═══ SUPPLIED RECORDS

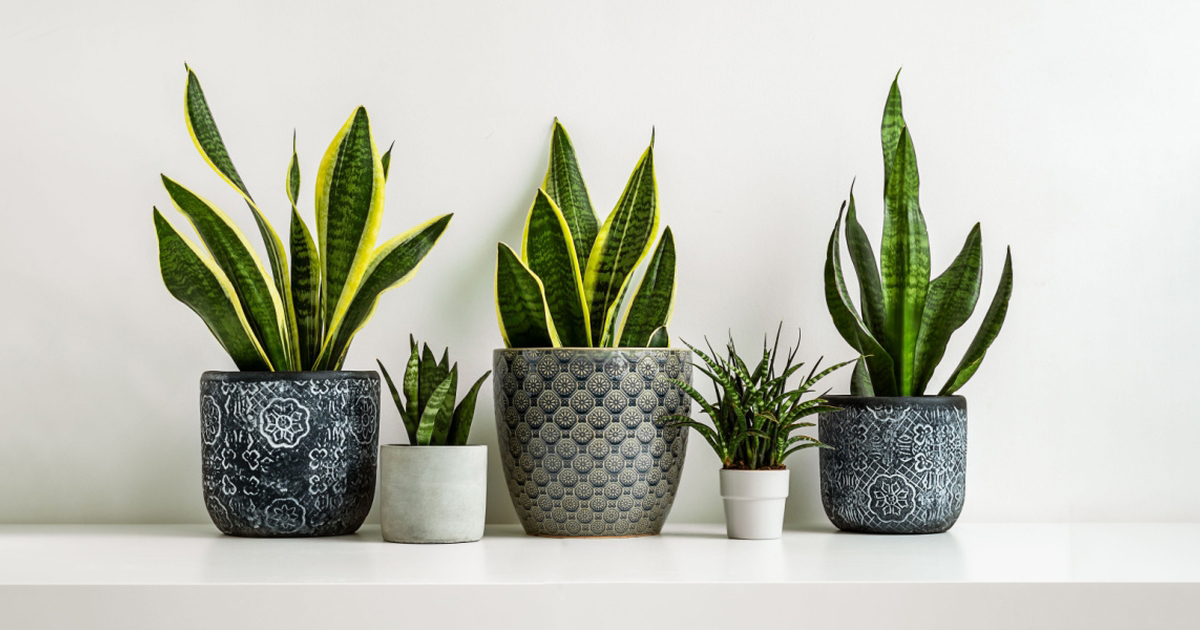 Beat Mold Naturally with These 5 House Plants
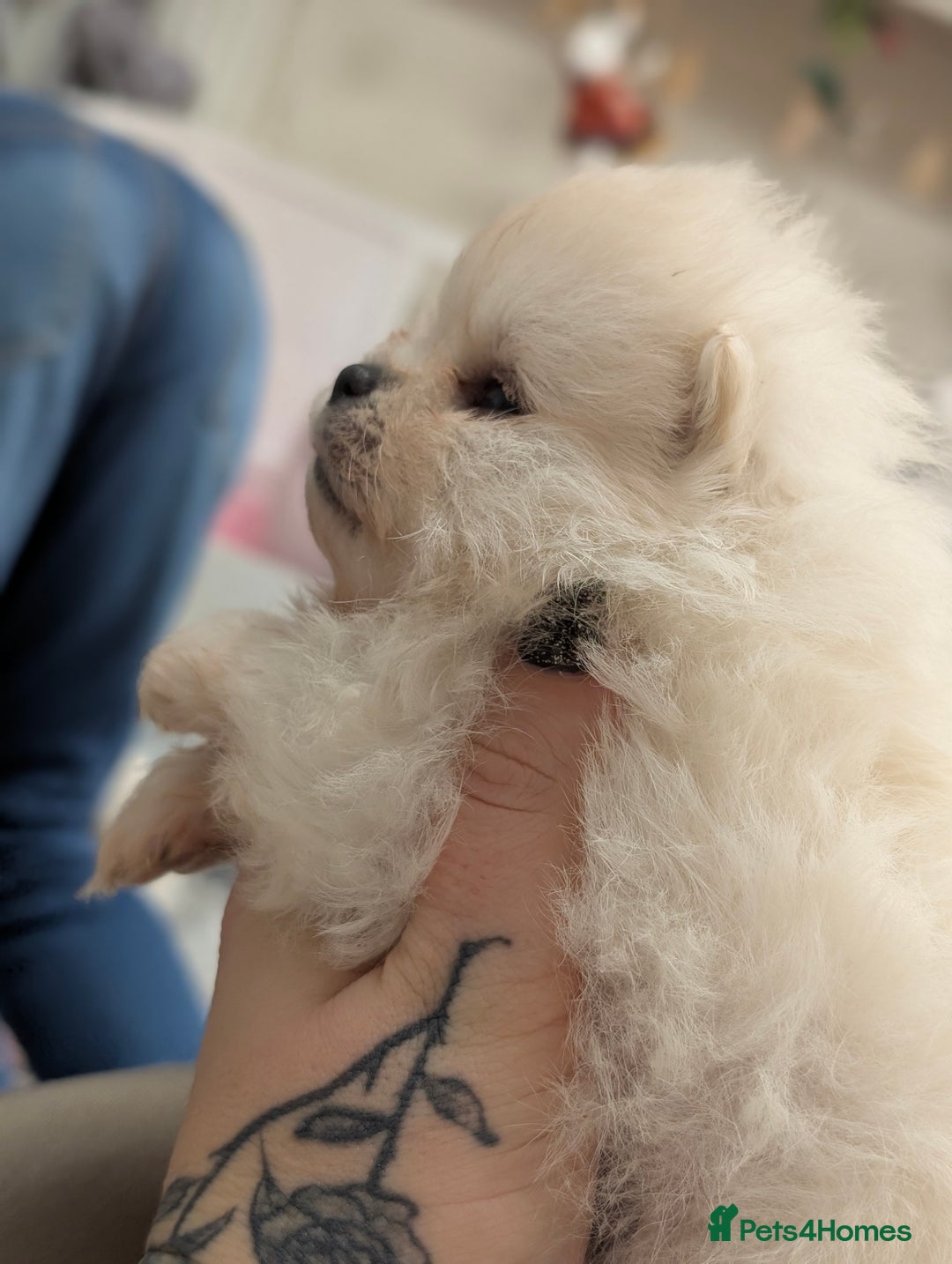 Pomeranian dogs for sale: Beautiful tiny Pomeranian girls  ONE LEFT  - Advert 2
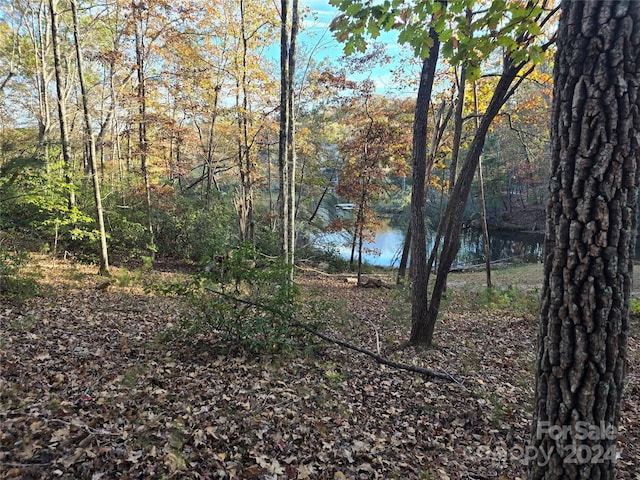 LOT88 Woodland Cir, Lake Lure NC, 28746 land for sale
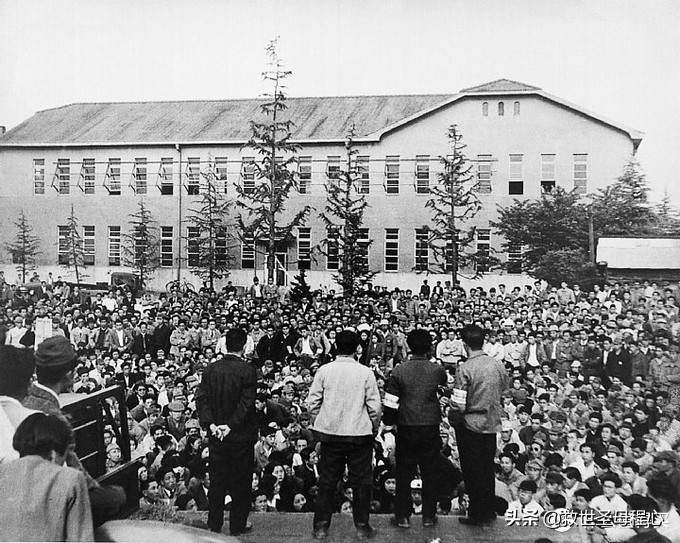 毫无用处的汽车知识篇64:日本汽车产业-丰田家族发展流水账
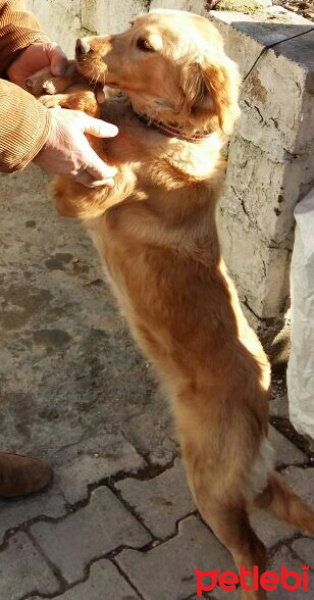 İngiliz Setter, Köpek  Charlie fotoğrafı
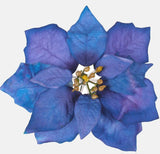 Navy blue poinsettia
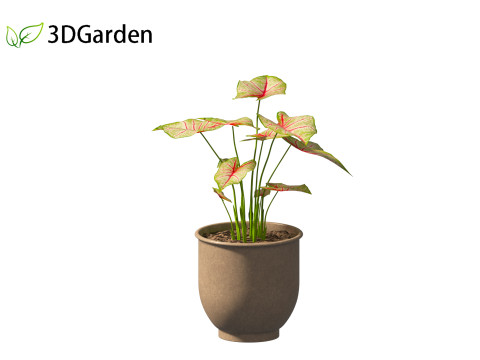 AgCaladium bicolor - angel wings 3D-Modell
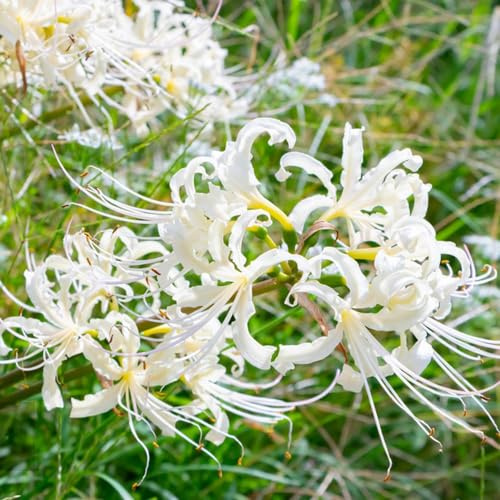 Lirio araña - Lycoris radiata decoración Parterres elevados 4bulbos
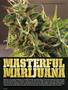 Page: - 64 | High Times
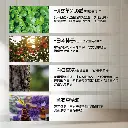 圖文07(1).webp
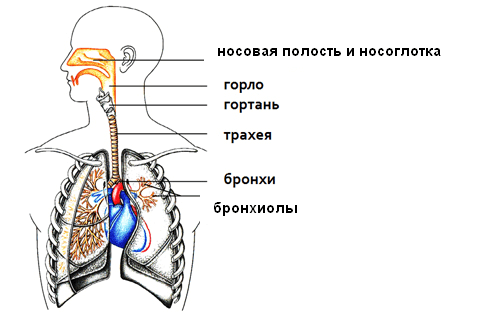 Дыхательная система человека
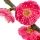 Flor de Ameixa
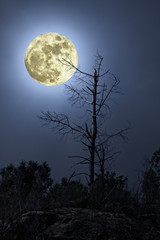 Arbre nu dans une nuit de pleine lune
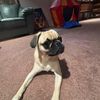 robbie_thegoalie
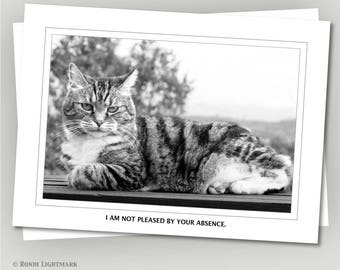 Funny Cats, Miss you greeting card, "I am not pleased by your absence," tabby cat, grumpy cat, black and white photo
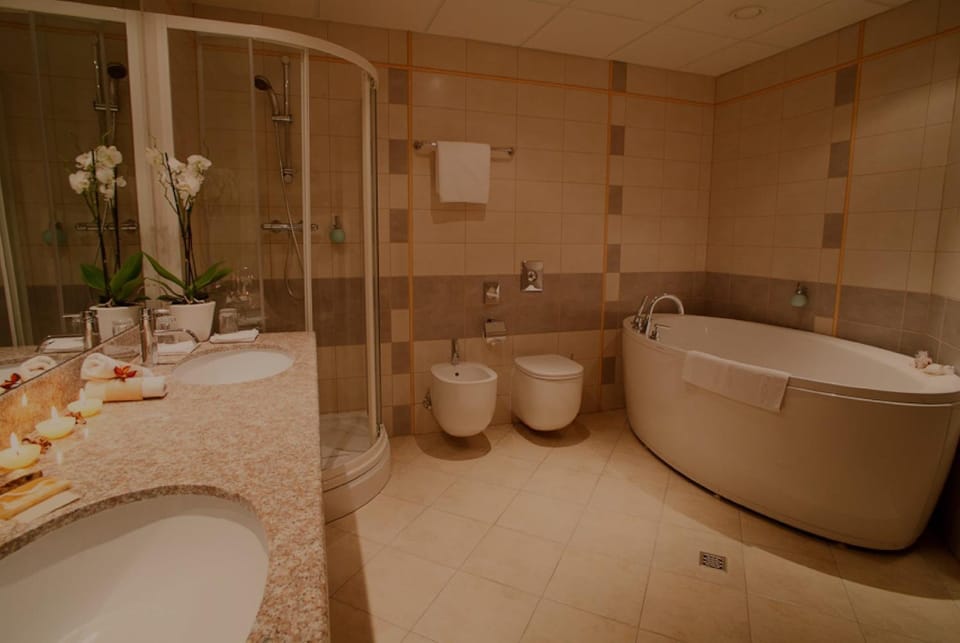Toilet, Bathroom, Bath, bidet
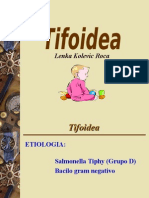 Tifoidea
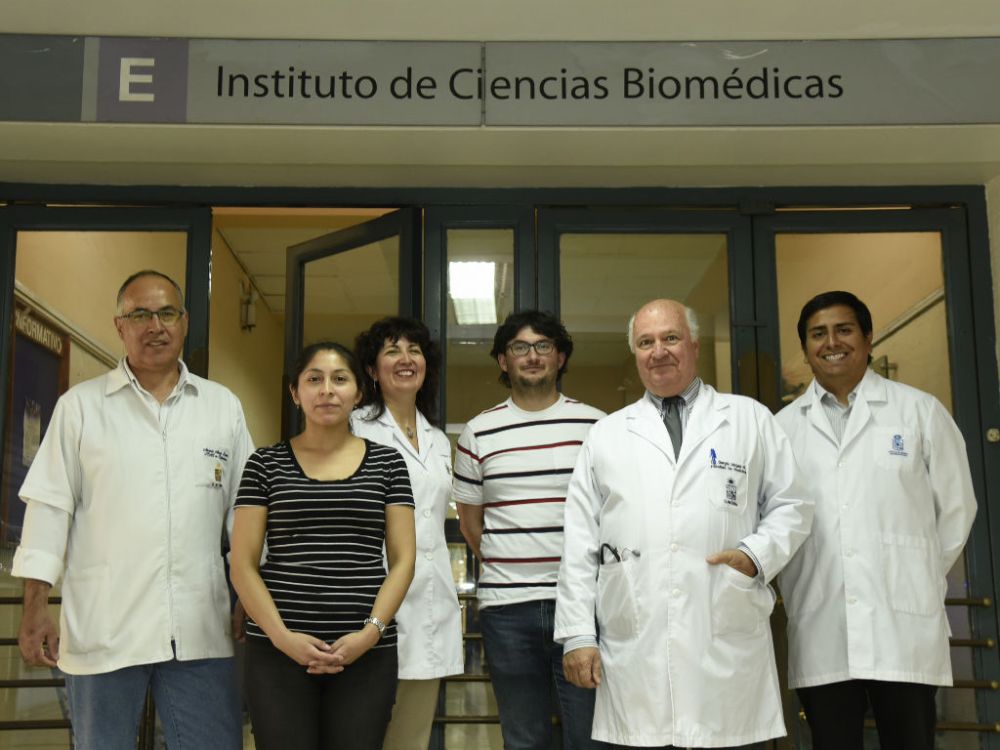 Antonio Alzola, Andrea Méndez, Carolina Ponce, doctores Diego Rojas y Sergio Vargas, y Pablo Iturra, integrantes del equipo que sigue esta línea de investigación. 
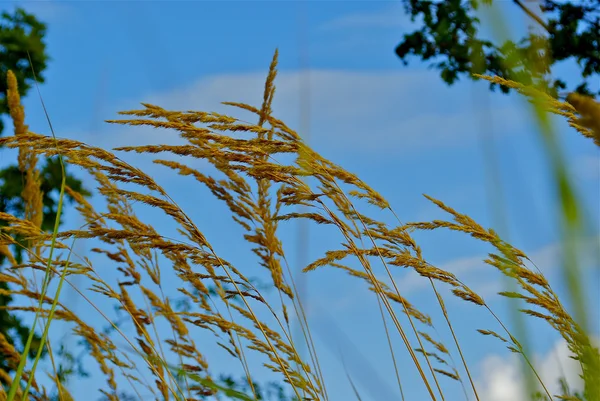 Grass in front of the sky — Stock Photo, Image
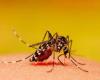 Historial alarmante de casos de dengue en Francia antes de los Juegos Olímpicos: lo que hay que saber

══════

WORK ORDER - All of the entries, apart from the pictures, must be returned exactly.

SOLUTION FOR THIS PROBLEM -
 Beat Mold Naturally with These 5 House Plants
 Pomeranian dogs for sale: Beautiful tiny Pomeranian girls  ONE LEFT  - Advert 2
 LOT88 Woodland Cir, Lake Lure NC, 28746 land for sale
 毫无用处的汽车知识篇64:日本汽车产业-丰田家族发展流水账
 İngiliz Setter, Köpek  Charlie fotoğrafı
 Navy blue poinsettia
 AgCaladium bicolor - angel wings 3D-Modell
 Lirio araña - Lycoris radiata decoración Parterres elevados 4bulbos
 Page: - 64 | High Times
 圖文07(1).webp
 Дыхательная система человека
 Flor de Ameixa
 Arbre nu dans une nuit de pleine lune
 robbie_thegoalie
 Funny Cats, Miss you greeting card, "I am not pleased by your absence," tabby cat, grumpy cat, black and white photo
Toilet, Bathroom, Bath, bidet
 Tifoidea
 Antonio Alzola, Andrea Méndez, Carolina Ponce, doctores Diego Rojas y Sergio Vargas, y Pablo Iturra, integrantes del equipo que sigue esta línea de investigación. 
 Grass in front of the sky — Stock Photo, Image
 Historial alarmante de casos de dengue en Francia antes de los Juegos Olímpicos: lo que hay que saber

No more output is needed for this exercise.